## TASK INSTRUCTIONS
Could you return all of the data exactly as given?

[[ SOURCE RECORDS, beginning ]]

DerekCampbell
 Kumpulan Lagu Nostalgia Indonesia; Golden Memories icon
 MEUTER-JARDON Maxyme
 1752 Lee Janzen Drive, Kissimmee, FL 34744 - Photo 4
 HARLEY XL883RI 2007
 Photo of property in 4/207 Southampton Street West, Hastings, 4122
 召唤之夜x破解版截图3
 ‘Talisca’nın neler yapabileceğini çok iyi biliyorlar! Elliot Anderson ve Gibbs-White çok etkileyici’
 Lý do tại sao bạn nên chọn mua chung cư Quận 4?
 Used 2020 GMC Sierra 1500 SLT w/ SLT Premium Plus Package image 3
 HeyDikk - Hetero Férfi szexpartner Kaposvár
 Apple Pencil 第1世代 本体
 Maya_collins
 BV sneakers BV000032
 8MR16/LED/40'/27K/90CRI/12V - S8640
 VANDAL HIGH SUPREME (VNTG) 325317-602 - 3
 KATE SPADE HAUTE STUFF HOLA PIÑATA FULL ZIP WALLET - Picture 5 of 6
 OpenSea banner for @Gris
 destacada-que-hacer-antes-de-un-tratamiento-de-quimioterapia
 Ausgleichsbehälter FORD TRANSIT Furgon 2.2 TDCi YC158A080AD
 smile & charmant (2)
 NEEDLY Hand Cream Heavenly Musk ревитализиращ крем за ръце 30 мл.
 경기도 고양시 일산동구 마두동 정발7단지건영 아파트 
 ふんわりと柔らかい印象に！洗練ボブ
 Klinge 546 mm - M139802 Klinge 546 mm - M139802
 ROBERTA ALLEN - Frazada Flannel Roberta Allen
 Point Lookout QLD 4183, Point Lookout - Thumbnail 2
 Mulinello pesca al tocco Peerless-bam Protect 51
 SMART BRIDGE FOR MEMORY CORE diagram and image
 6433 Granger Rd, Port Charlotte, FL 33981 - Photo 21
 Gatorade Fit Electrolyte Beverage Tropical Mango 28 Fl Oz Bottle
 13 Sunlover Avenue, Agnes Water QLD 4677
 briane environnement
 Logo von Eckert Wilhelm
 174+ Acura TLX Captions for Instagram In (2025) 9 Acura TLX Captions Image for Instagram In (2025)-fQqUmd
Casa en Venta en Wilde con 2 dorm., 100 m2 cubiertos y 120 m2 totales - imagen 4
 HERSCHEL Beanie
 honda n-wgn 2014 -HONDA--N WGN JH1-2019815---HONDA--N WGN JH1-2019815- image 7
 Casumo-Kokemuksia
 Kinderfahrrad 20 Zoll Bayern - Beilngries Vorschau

[[ SOURCE RECORDS, end ]]

## TASK SOLUTION
DerekCampbell
 Kumpulan Lagu Nostalgia Indonesia; Golden Memories icon
 MEUTER-JARDON Maxyme
 1752 Lee Janzen Drive, Kissimmee, FL 34744 - Photo 4
 HARLEY XL883RI 2007
 Photo of property in 4/207 Southampton Street West, Hastings, 4122
 召唤之夜x破解版截图3
 ‘Talisca’nın neler yapabileceğini çok iyi biliyorlar! Elliot Anderson ve Gibbs-White çok etkileyici’
 Lý do tại sao bạn nên chọn mua chung cư Quận 4?
 Used 2020 GMC Sierra 1500 SLT w/ SLT Premium Plus Package image 3
 HeyDikk - Hetero Férfi szexpartner Kaposvár
 Apple Pencil 第1世代 本体
 Maya_collins
 BV sneakers BV000032
 8MR16/LED/40'/27K/90CRI/12V - S8640
 VANDAL HIGH SUPREME (VNTG) 325317-602 - 3
 KATE SPADE HAUTE STUFF HOLA PIÑATA FULL ZIP WALLET - Picture 5 of 6
 OpenSea banner for @Gris
 destacada-que-hacer-antes-de-un-tratamiento-de-quimioterapia
 Ausgleichsbehälter FORD TRANSIT Furgon 2.2 TDCi YC158A080AD
 smile & charmant (2)
 NEEDLY Hand Cream Heavenly Musk ревитализиращ крем за ръце 30 мл.
 경기도 고양시 일산동구 마두동 정발7단지건영 아파트 
 ふんわりと柔らかい印象に！洗練ボブ
 Klinge 546 mm - M139802 Klinge 546 mm - M139802
 ROBERTA ALLEN - Frazada Flannel Roberta Allen
 Point Lookout QLD 4183, Point Lookout - Thumbnail 2
 Mulinello pesca al tocco Peerless-bam Protect 51
 SMART BRIDGE FOR MEMORY CORE diagram and image
 6433 Granger Rd, Port Charlotte, FL 33981 - Photo 21
 Gatorade Fit Electrolyte Beverage Tropical Mango 28 Fl Oz Bottle
 13 Sunlover Avenue, Agnes Water QLD 4677
 briane environnement
 Logo von Eckert Wilhelm
 174+ Acura TLX Captions for Instagram In (2025) 9 Acura TLX Captions Image for Instagram In (2025)-fQqUmd
Casa en Venta en Wilde con 2 dorm., 100 m2 cubiertos y 120 m2 totales - imagen 4
 HERSCHEL Beanie
 honda n-wgn 2014 -HONDA--N WGN JH1-2019815---HONDA--N WGN JH1-2019815- image 7
 Casumo-Kokemuksia
 Kinderfahrrad 20 Zoll Bayern - Beilngries Vorschau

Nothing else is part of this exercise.